2009, 10,000-year-old seeds debunked, They were from 1950s!
http://news.bbc.co.uk/earth/hi/earth_news/newsid_8142000/8142037.stm


> "The record now for the oldest viable seeds is held by a 2,000-year-old date palm recovered near the Dead Sea," he says.
> 
> In 2002, Russian scientists published a claim that they had germinated a 33,000-year-old seed of a small tundra flower (_Silene stenophylla_).
> 
> But they published their work in a relatively unknown journal, and the claim has received almost no acceptance in the scientific community, Zazula says.


more here: http://worldsoldeststuff.blogspot.ie/2013/04/worlds-oldest-viable-seeds.html

The 32,000 year old claim appears to be from 2002 to  2007 and not universally accepted, nor is it without technological intervention.

So oldest is probably 2,000 year old date palm seeds.

Source of the pre-internet Egyptian Tomb story
http://www.howplantswork.com/2009/1...s-from-ancient-egyptian-tombs-that-germinate/


----------



## BAYLOR (Mar 23, 2015)

Ray McCarthy said:


> I'm sure I read YEARS ago, about some grains buried/interred in pyramids being viable still.



Ive read  that story too . With nothing to disturb them, no moisture to cause them to go moldy or rats or insects to eat them.  Such a thing is very possible .


----------



## Ray McCarthy (Mar 23, 2015)

It's a myth though. Seeds do use up the food unless frozen.


----------



## BAYLOR (Mar 23, 2015)

Ray McCarthy said:


> It's a myth though. Seeds do use up the food unless frozen.



But in the Egyptian desert, with a dry arid climate how can the seed do anything without water?


----------



## Ray McCarthy (Mar 23, 2015)

It will dry out and die.
For years I believed it


----------



## BAYLOR (Mar 23, 2015)

Ray McCarthy said:


> It will dry out and die.
> For years I believed it



I looked up just now , your absolutely  correct. 

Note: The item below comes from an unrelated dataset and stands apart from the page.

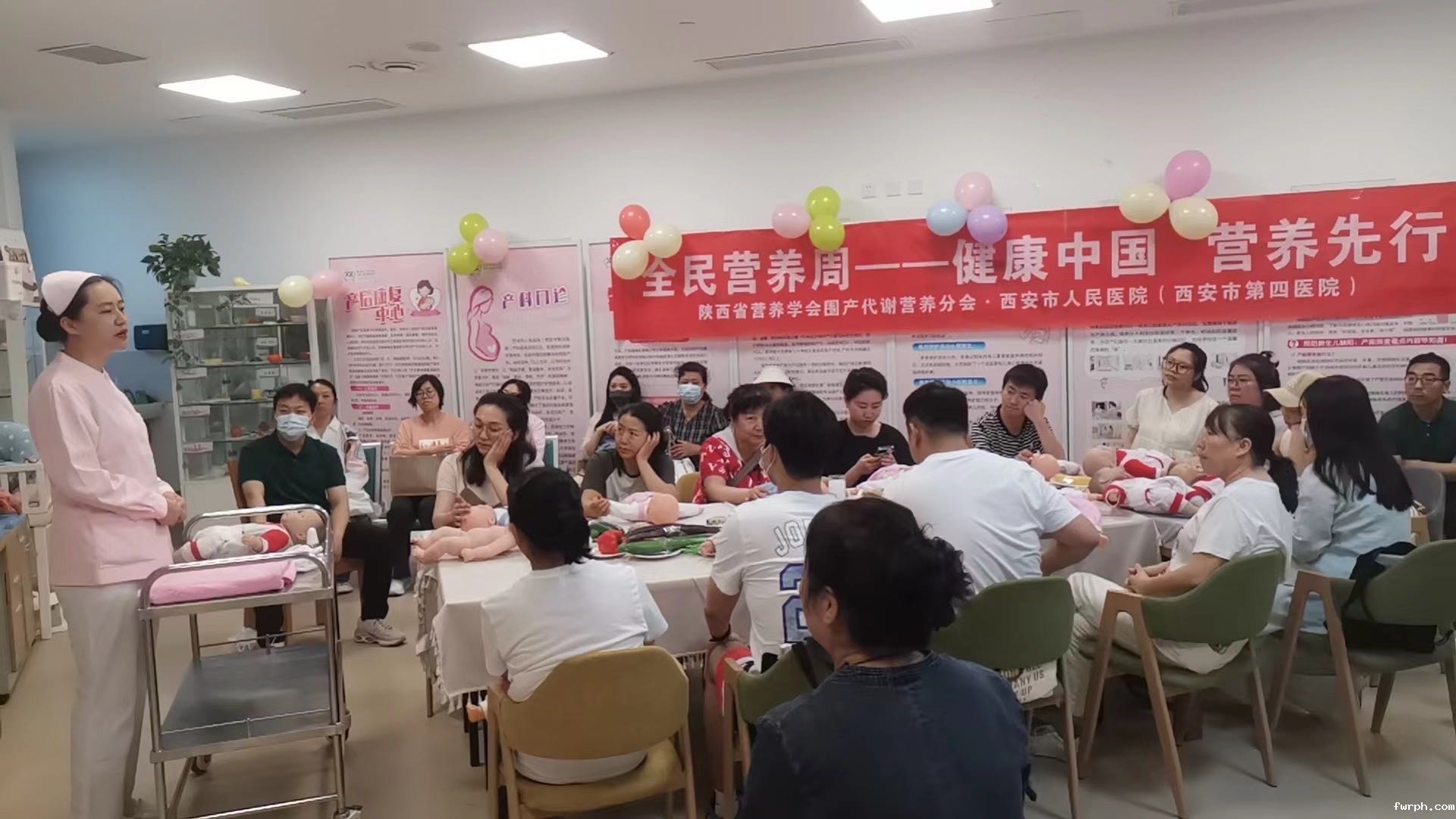 西安市人民医院(西安市第四医院)哺乳期营养与母乳喂养1.jpg 西安市人民医院(西安市第四医院)哺乳期营养与母乳喂养1.jpg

I believed it too.  I never bothered to investigate it until now.


----------



## Ray McCarthy (Mar 24, 2015)

I also used to believe that glass flowed, so that it's thicker at the bottom of a Mediaeval church window. It is thicker, because it was made that way, glass can't flow as fast as that.
I used to believe that Mediaeval people or at time of Columbus thought the world was flat (they didn't, that's a myth invented in Victorian era!). The REAL reason for opposition was they knew Japan was FAR further away west than the ships could carry water or food. But Columbus may "really" have been aiming for Americas as he might  have studied Greenland Tithe records to Rome.
I even believed that Kennedy called himself a donut in Berlin. He didn't.
It's amazing the myths one picked up in school days long before the Internet.

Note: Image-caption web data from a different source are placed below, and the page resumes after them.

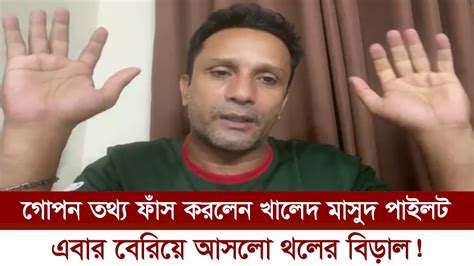 লাইভে এসে সব কিছু ফাঁস করে দিলেন খালেদ মাসুদ পাইলট জানালেন কার কারণে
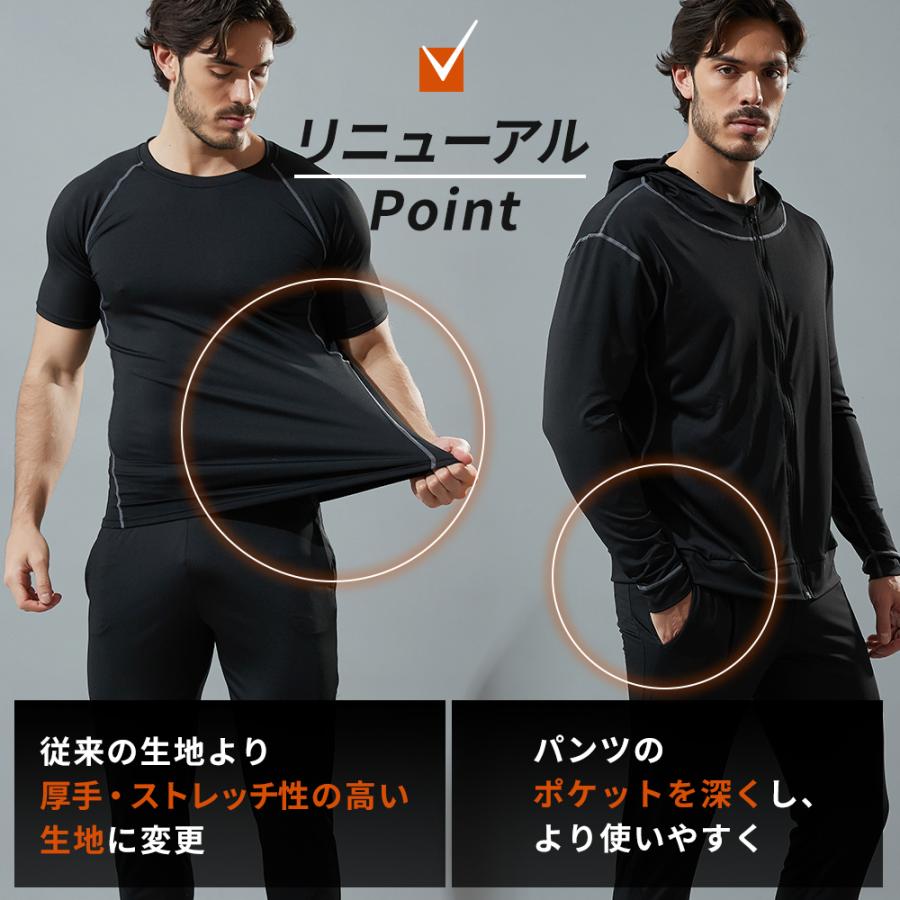 ジャージ上下メンズ メンズジャージセット スポーツウェアセット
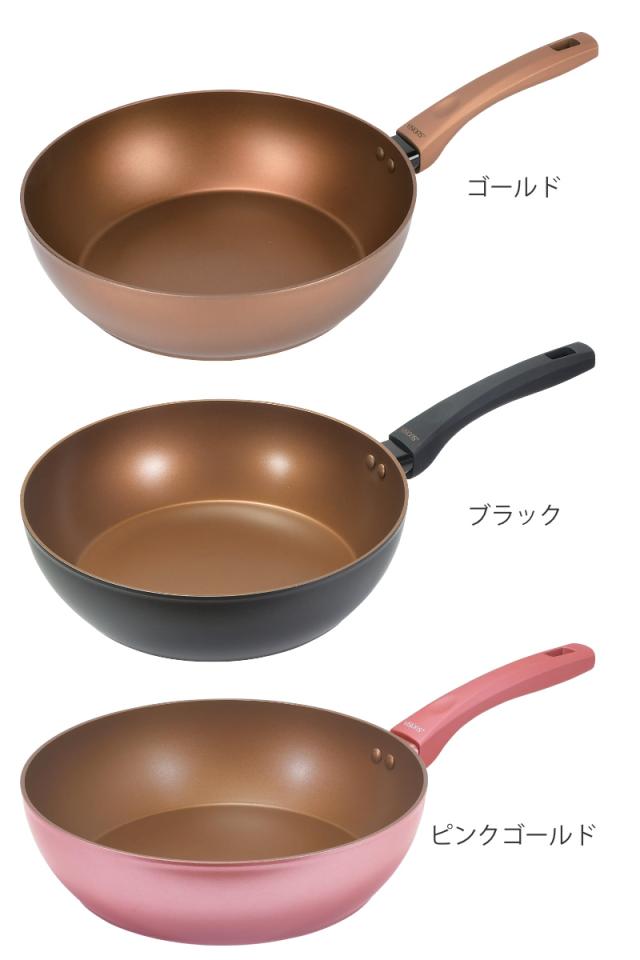 フライパン 28cm 深型 IH対応 VISIONS GOLD Coating ディープ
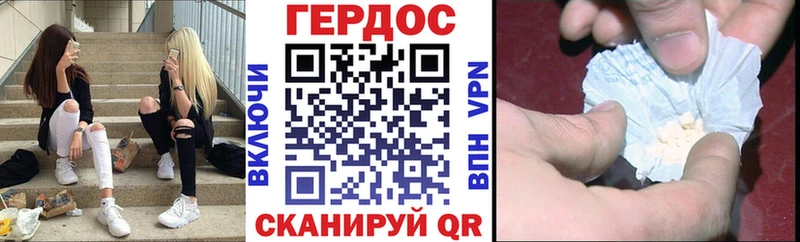 Героин Афган  Реж 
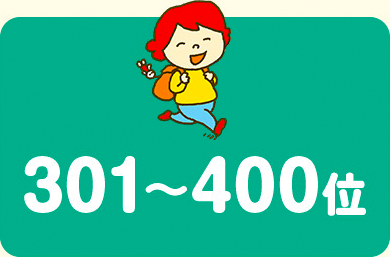 301〜400位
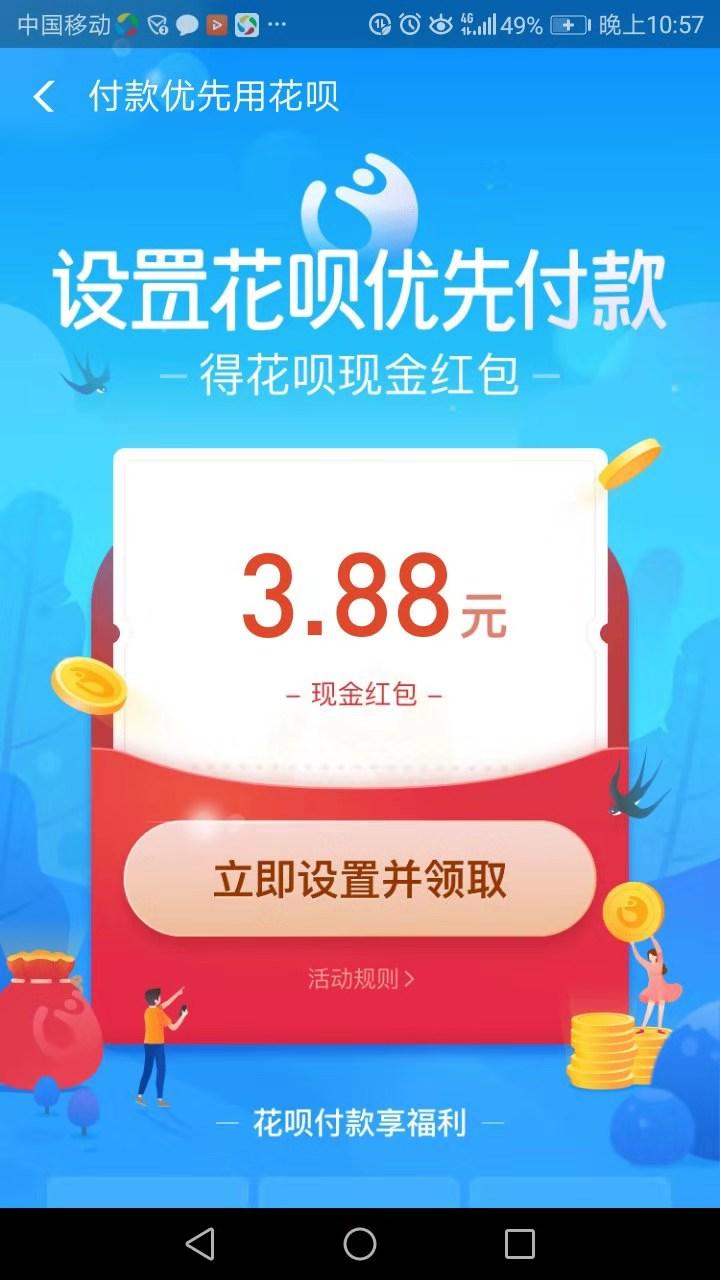 支付宝设置花~贝优先付款可领3.88-惠小助(52huixz.com)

I never believed in Fairies or Tinkerbell. Well, not entirely.


----------



## BAYLOR (Mar 24, 2015)

Ray McCarthy said:


> I also used to believe that glass flowed, so that it's thicker at the bottom of a Mediaeval church window. It is thicker, because it was made that way, glass can't flow as fast as that.
> I used to believe that Mediaeval people or at time of Columbus thought the world was flat (they didn't, that's a myth invented in Victorian era!). The REAL reason for opposition was they knew Japan was FAR further away west than the ships could carry water or food. But Columbus may "really" have been aiming for Americas as he might  have studied Greenland Tithe records to Rome.
> I even believed that Kennedy called himself a donut in Berlin. He didn't.
> It's amazing the myths one picked up in school days long before the Internet.
> ...



The ancient Greeks knew the earth was round .   Eratosthenese without the benefit of modern instruments, deduced the circumference of the Earth around 240- 45  BC . He was off by about 100 miles.


----------



## Ray McCarthy (Mar 24, 2015)

Indeed, no-one that thought about it much ever believed the Earth was flat.
https://en.wikipedia.org/wiki/Flat_Earth_myth

Kennedy and Donuts
http://www.snopes.com/language/misxlate/berliner.asp

Does Glass flow, Old Church windows show it?
http://www.glassnotes.com/WindowPanes.html
http://io9.com/the-glass-is-a-liquid-myth-has-finally-been-destroyed-496190894

So some days I wonder what other myths I picked up at school?
Either I misheard almost everything the English teachers said, or I had unusually rubbish ones. I've had to unlearn a lot to learn to write.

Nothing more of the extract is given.